As soon as us women begin to show the slightest sign of maturity, we are immediately thrusted with all kinds of questions about marriage and future prospects. I was at a tender age of 12 when I received my first “3obalek” and I haven’t been able to live it down since. Gatherings turned into whole seminars about how to properly stuff a chicken and wrap a sambousa. Don’t get me wrong they were some pretty useful tips but it’s not the action that stands out, it’s the belief that that’s exactly how my life is going to be.

There were no lectures in becoming a leader, a power-house. Nothing on how to get my first job, how to graduate with honors or the ways I can break into an untapped sector of the economy. There were only talks about finding the perfect suitor to ‘take care of me’, one that was preferably tall enough to keep up with me, and before I knew it, I was all consumed by those standards as well. When the majority of the women around me were saying the same thing, and all the men nodding in agreement, who was I to dare and question their notions? 

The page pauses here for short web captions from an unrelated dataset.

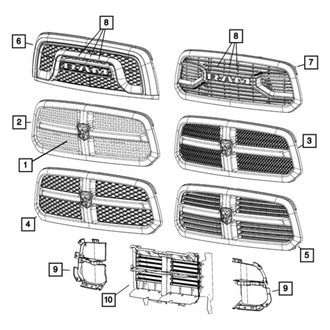 Ram OE - Front Right Grille Molding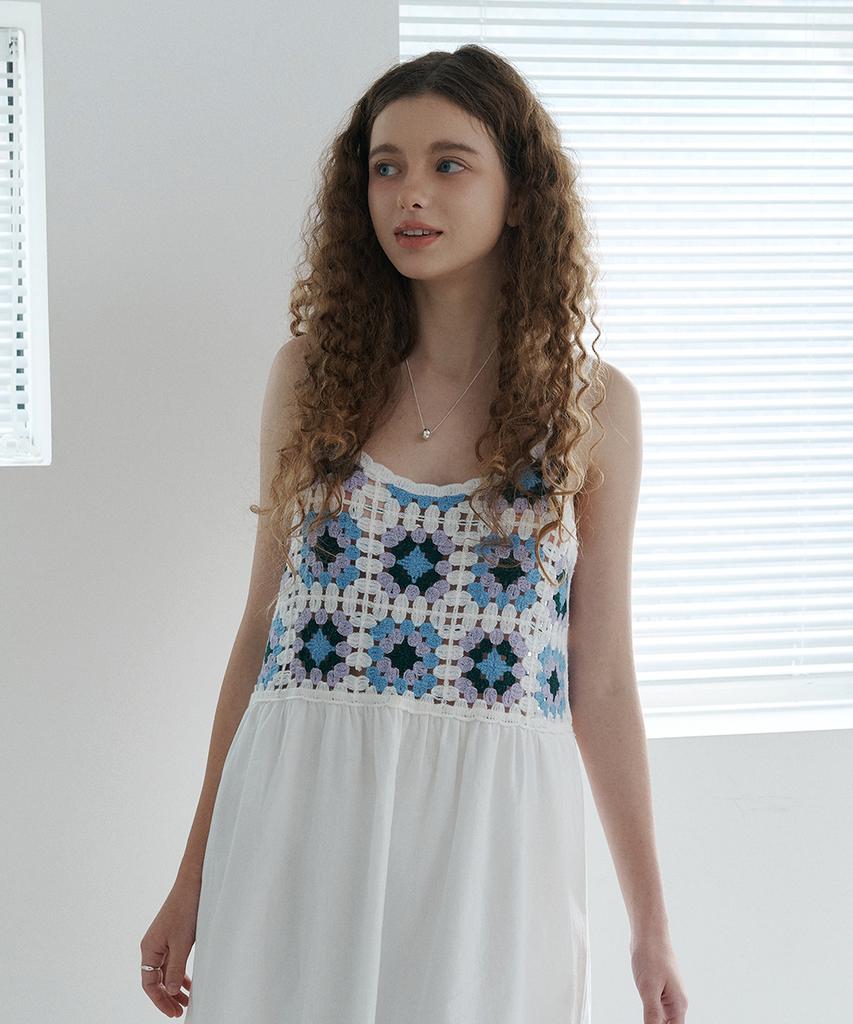 Jyudiaenpol Garden Crochet Dress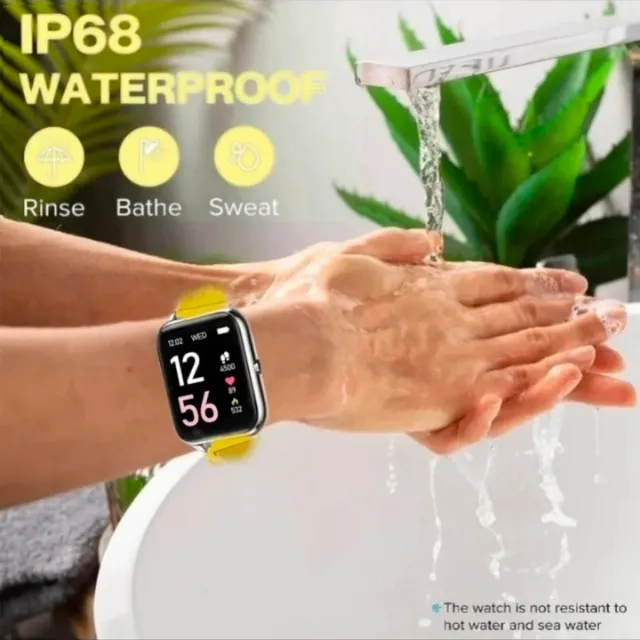 SmartWatch Pro Plata y Amarillo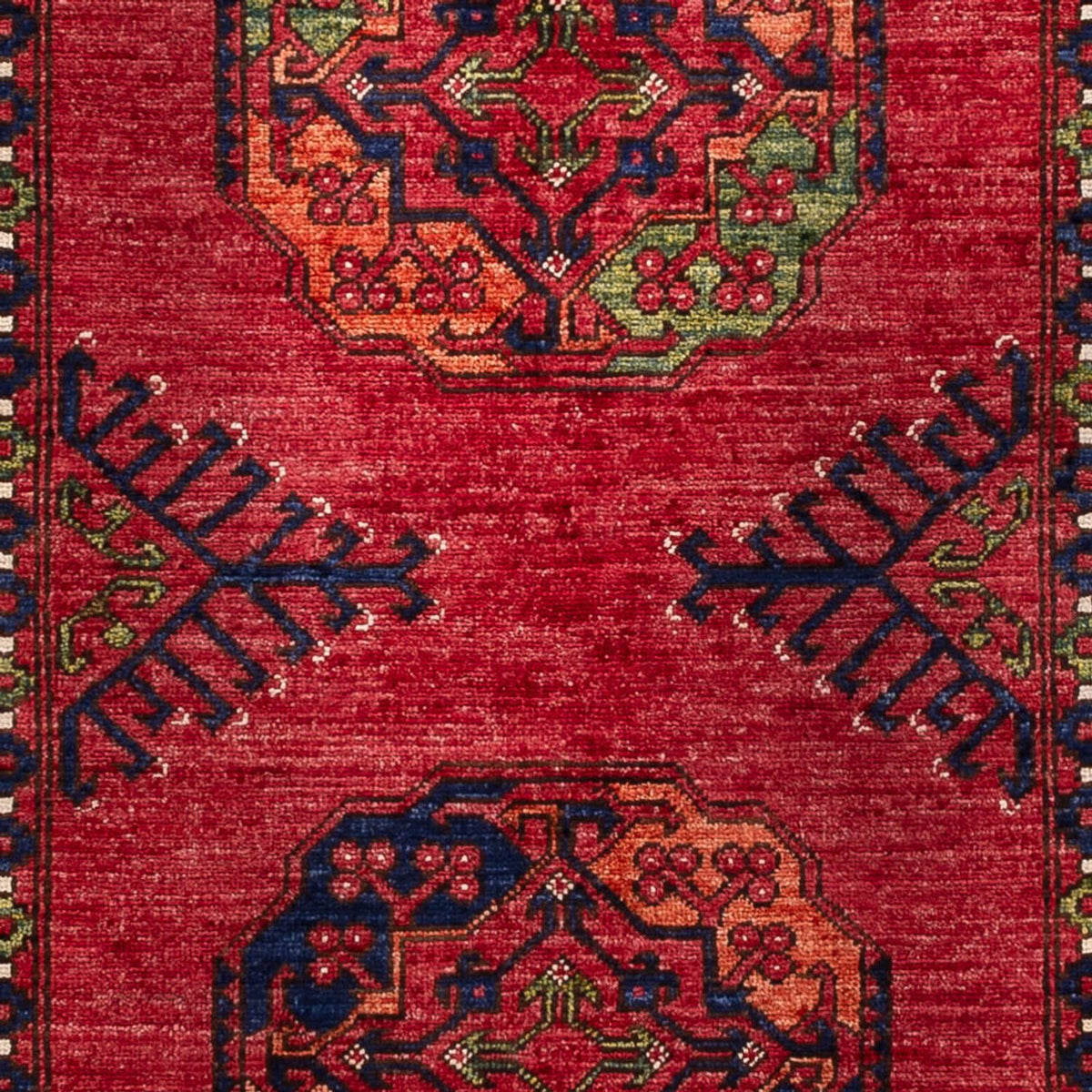 Tappeto afgano - Kunduz - 148 x 100 cm - rosso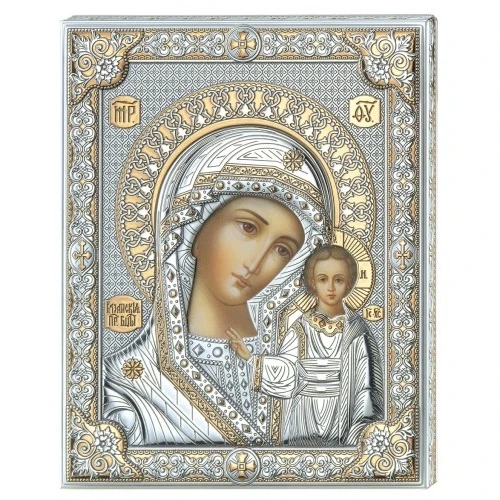 icona vergine maria oro – 20×25 cm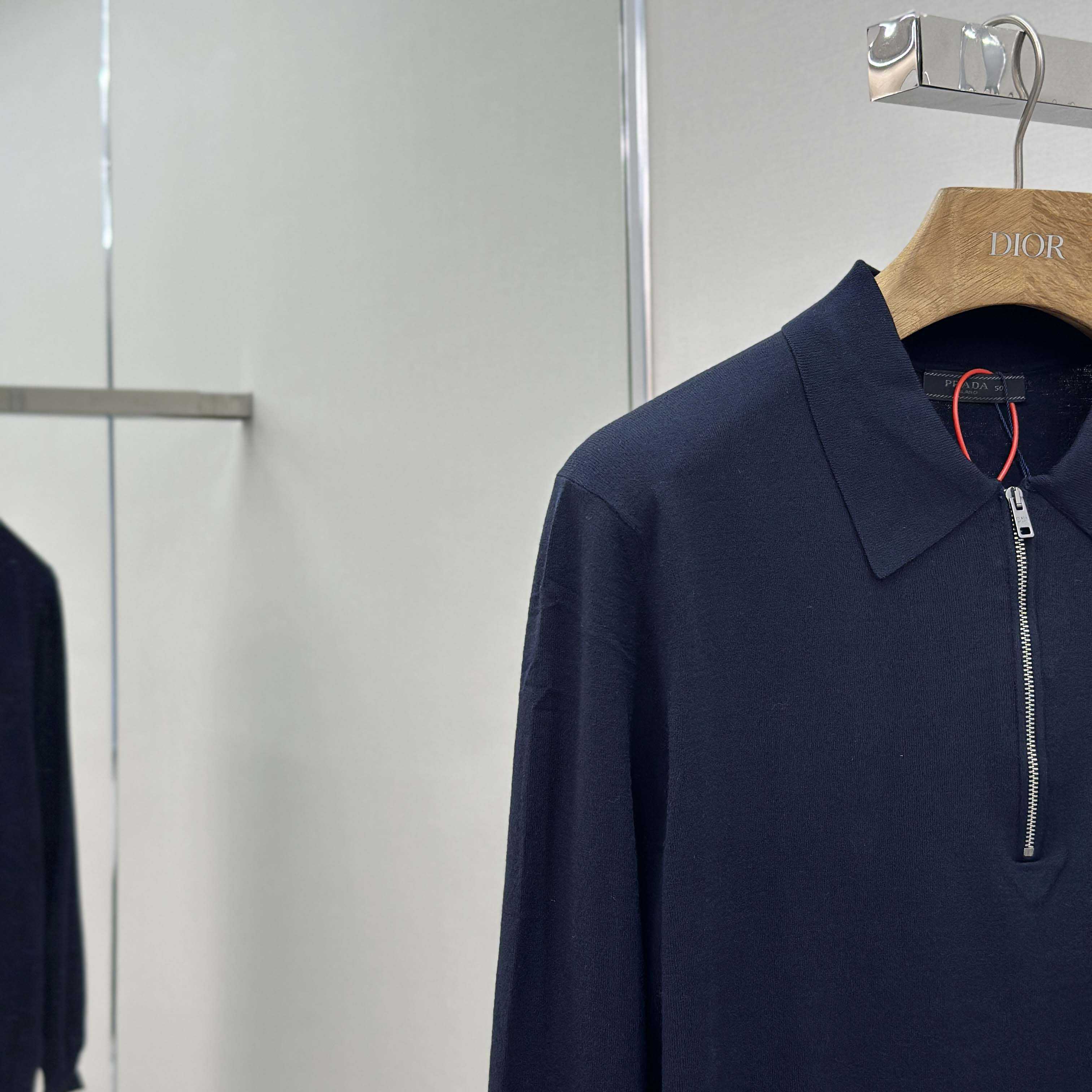 Prada Superfine Wool Polo Shirt - EUR FASHION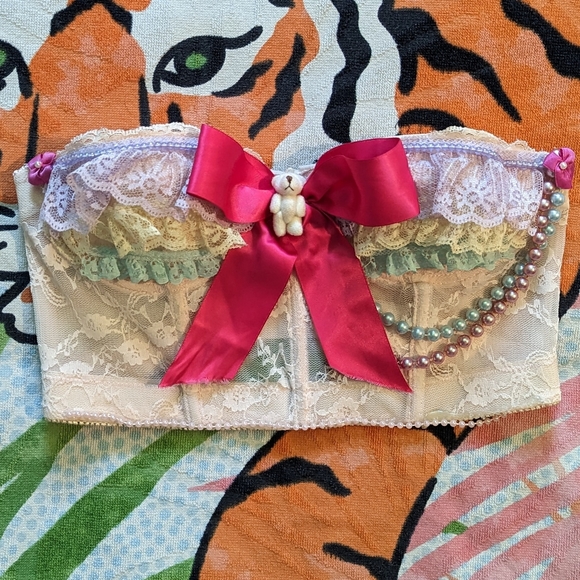 iHeartRaves Other - 🧸Kawaii Pastel Rainbow Teddy Bear Rave Bra 🧸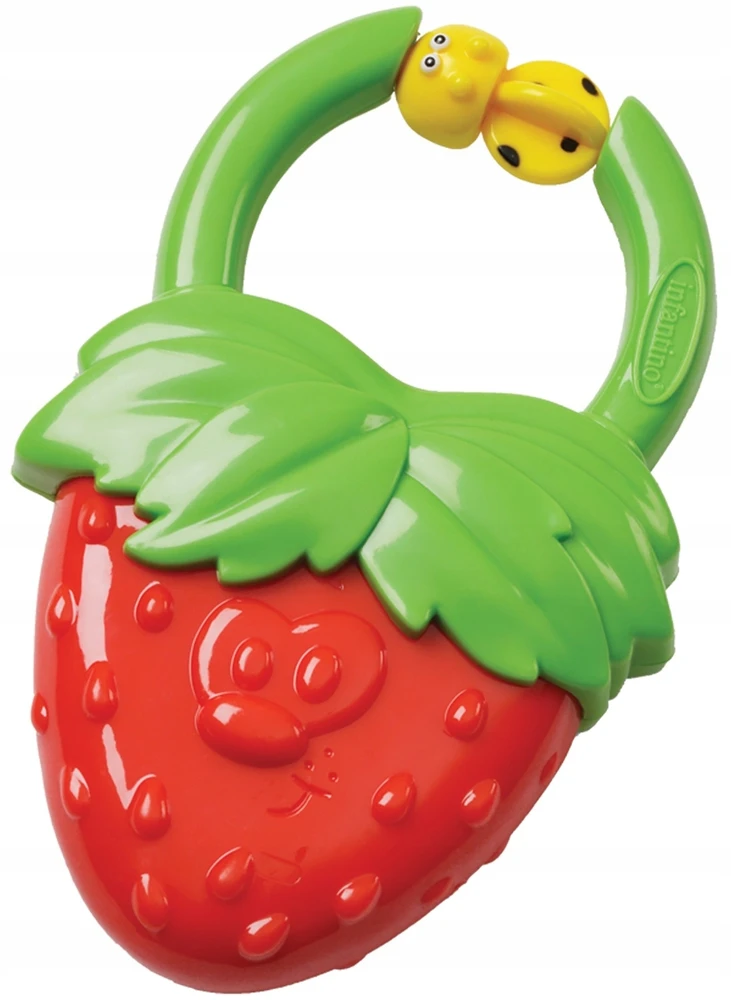 VIBRATING TEETHER Strawberry TEETHER 3M+ Infantino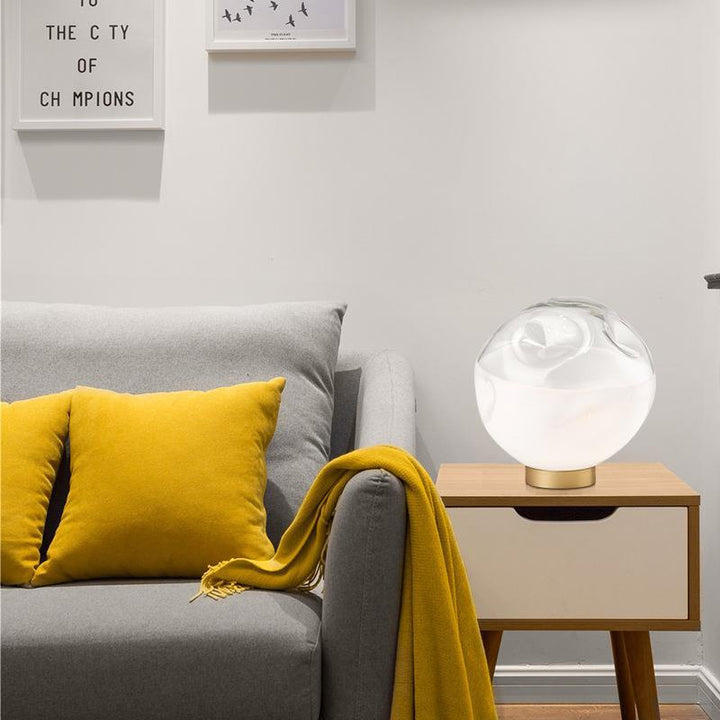 Artistic Glass Table Lamp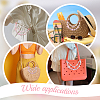 2Pcs Bowknot Heart Plastic Pendant Decorations DIY-BBC0002-28A-5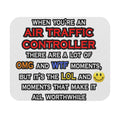 Funny Air Traffic Controller ... OMG WTF LOL - Mouse Pad (Rectangle)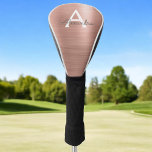 Roze Rose Gold Metallic Folie Monogram Naam Golfheadcover<br><div class="desc">Blush Pink - Roos Gold Faux Metallic Folie RVS Elegant Girl's Golf Driver Head Hoesje. Dit Golf Driver Head Hoesje kan worden aangepast om uw initiaal en voornaam op te nemen. Neem contact op met de ontwerper voor overeenkomende items.</div>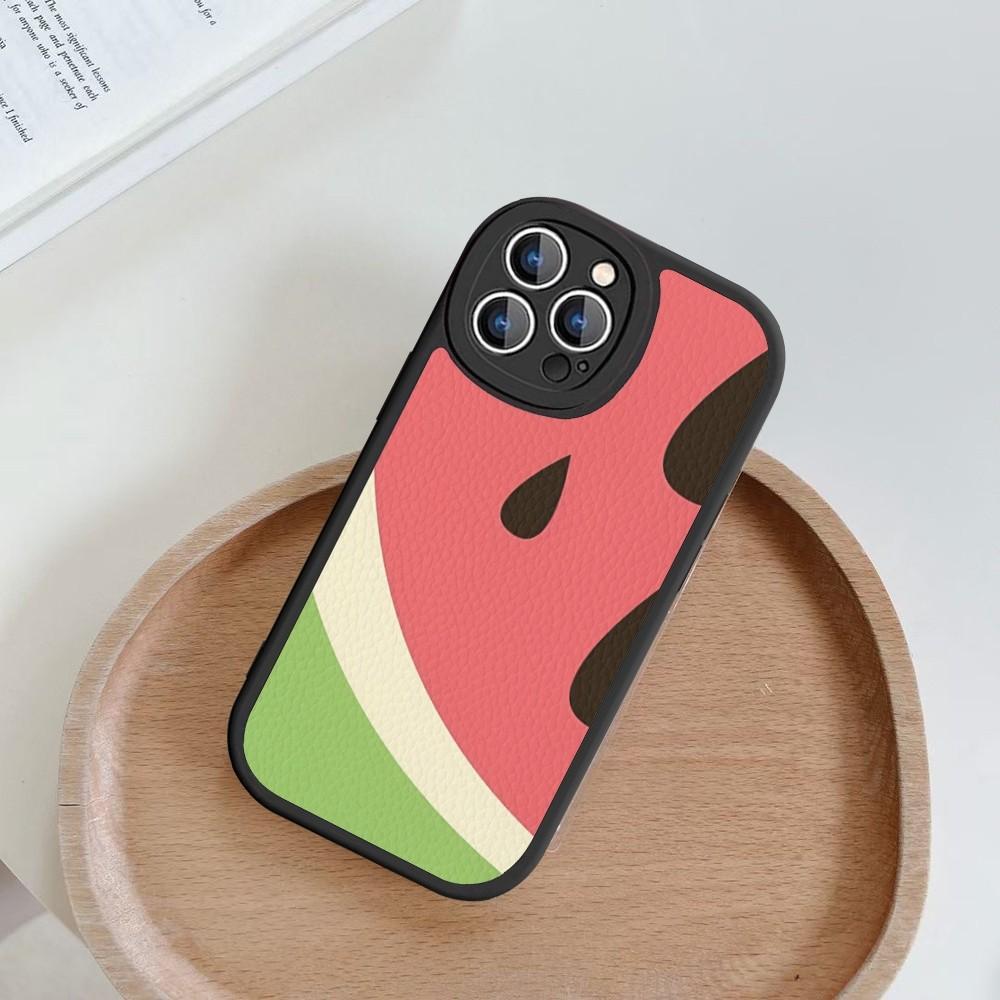 Watermelon Pattern Phone Case Hard Leather For iPhone 14 13 12 Mini 11 14 Pro Max Xs X Xr 7 8 Plus Fundas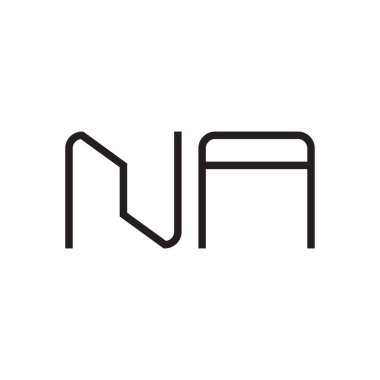 na ilk harf vektör logo simgesi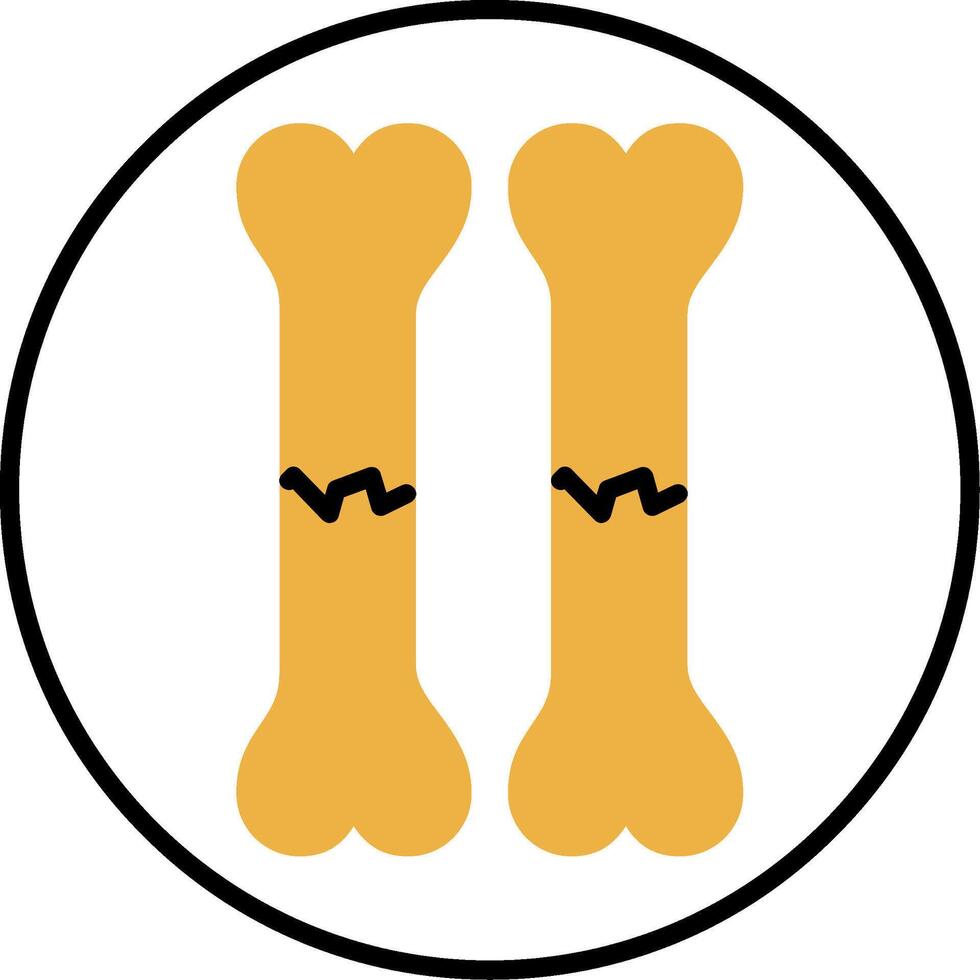 Bone Skined Filled Icon vector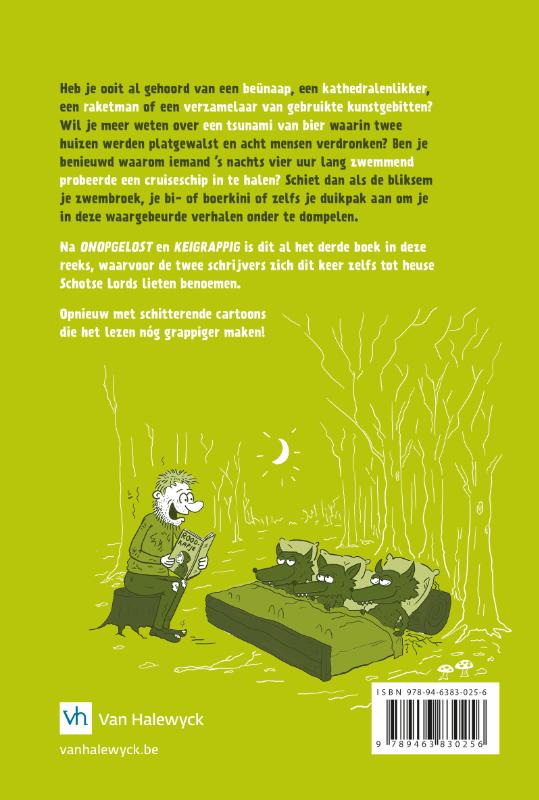 Achterkant van Waanzinnig & waargebeurd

Young me felt so pressured to keep all these aspects in mind when forming relationships and going about my day. I never thought less of anyone who chose that life because just as much as starting a business requires courage and splendour, choosing to take on a ‘woman’s role’ requires just as much, if not more, strength and flamboyance. It was just sad to see women feeling pressured to succumb to the patriarchy and not choose that path because they want to. All I hope is that people grasp the idea that just when a woman chooses to do ‘what is expected’, it is not coming from a place of fear and judgement, but excitement and passion, just like every path in life should be.

All I hope for, is a future where gatherings are filled with talks about all the different paths that await, all the things females are capable of besides molokhia and all the ways in which we can lift and brighten (excluding the cosmetic enhancements). This goes for all the men out there that are being pressured into ’practical’ corporate jobs and torn from creative fields because they’re not sustainable because you too deserve to shine and blossom. So, the overall consensus; let the people live! Sheesh.